IT'S FUN SUNDAY MATH TIME WITH VARIANCE!
•The top ten films in the country grossed approx. $215 million from Friday to Sunday.
•The average ticket price in 2010 (counting 3-D) was $7.93. Let's assume it's now $8.50 so nobody argues.
•That means 25 million people went to the movies this weekend to see one of the top ten films.
•Knowing that there are 303 million people in the US, that means...
At a minimum, 8.3% of the people in the United States of America spent 2-3 hours at a movie theater Friday, Saturday, or Sunday. Oh, and if you add in the six million that went on Thursday, that goes up to 10.2% of the country, or 31 million people. Remember- that's just for the top ten movies. Doesn't count the arthouse films, doesn't count the foreign films, doesn't count the older studio films.
So, movie theaters are dying? No.
Here's a thought. Every single year, from roughly March to early May, there's an awful lot of hemming and hawing (and column inches) about the disastrous fall-off in business at movie theaters. The more aggressive prognosticators of the chattering class pipe up and say "they're dying!". And then, every Memorial Day, something opens huge and everyone stops and says "hmm, ok, the slump is over!"
I suspect the truth is far simpler: movie theaters aren't dying, but people are unwilling to go to them if there's nothing playing that they want to see.
What did studios feed audiences for the first four months of the year? The top grossers pre-Fast Five were a quartet of forgettable kids movies (Rango, Rio, Hop, Gnomeo and Juliet), an Adam Sandler-Jenn Aniston pair-up that I'd forgotten entirely about, and The Green Hornet. People didn't go see those films because they were excited about them, they went in spite of them- out of sheer cabin fever.
Compare that to the top films 2010- Alice In Wonderland, $400 million of Avatar's gross, How To Train Your Dragon, Shutter Island, Clash of the Titans. None of these are exactly classics, but they all made more money than anything that dropped in 2012. Hell, weeks 3-17 of Avatar made more than the top four pre-Fast Five 2011 films.
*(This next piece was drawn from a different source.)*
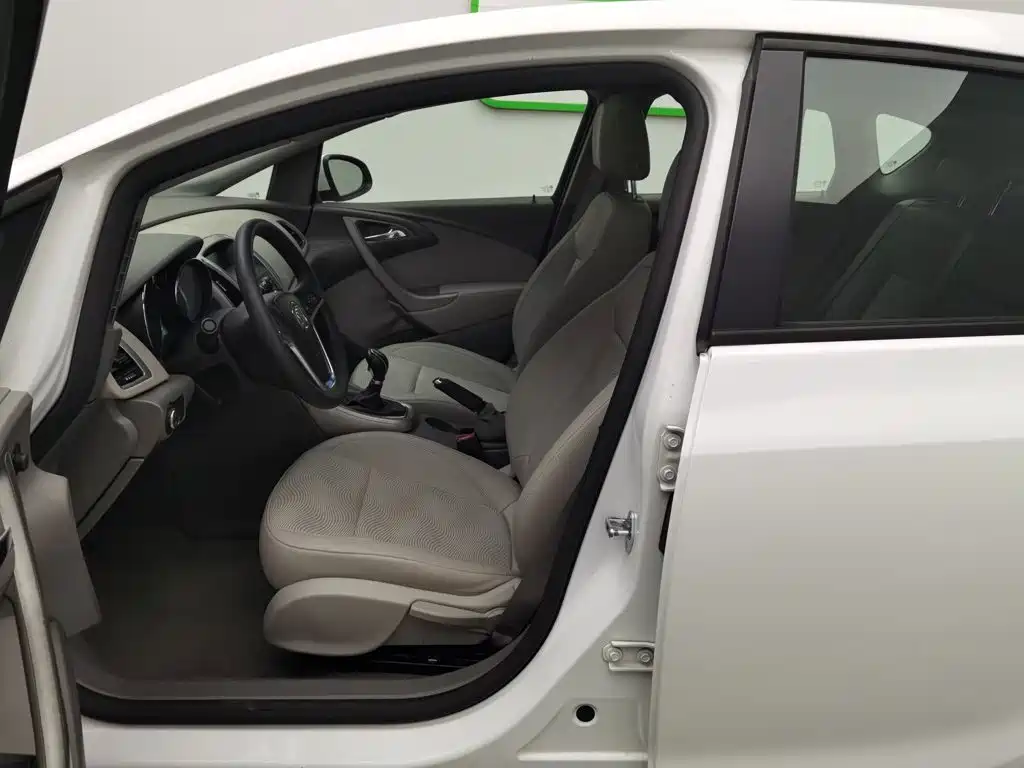Photo 10 - Buick Excelle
So here's my groundbreaking hypothesis- if studios put films out that people want to see on a consistent basis, people will go to the movie theater on a consistent basis. If studios give up from January 5th through May 1st, audiences will stay home until May 2nd. THOR is looking like it's going to top out around $170 million. What do you want to bet that could've been more like $250 million had it dropped in early April with no real competition?
Is attendance down? It is. The recession and 9% unemployment doesn't help matters, and neither do $15 tickets for 3-D movies nobody really wants to see in 3-D. And every time someone goes to the theater, watches a film that looks like it's projected with a goddamn flashlight, and writes an article about it, that doesn't exactly help the cause. But a weekend like this proves that people will go plunk down their $10 if there's something they feel is going to be worth it.
Our prescription remains the same: make better movies, don't release them all in a ten week timeframe, make sure theaters do a better job showing them, and audiences will continue to line up.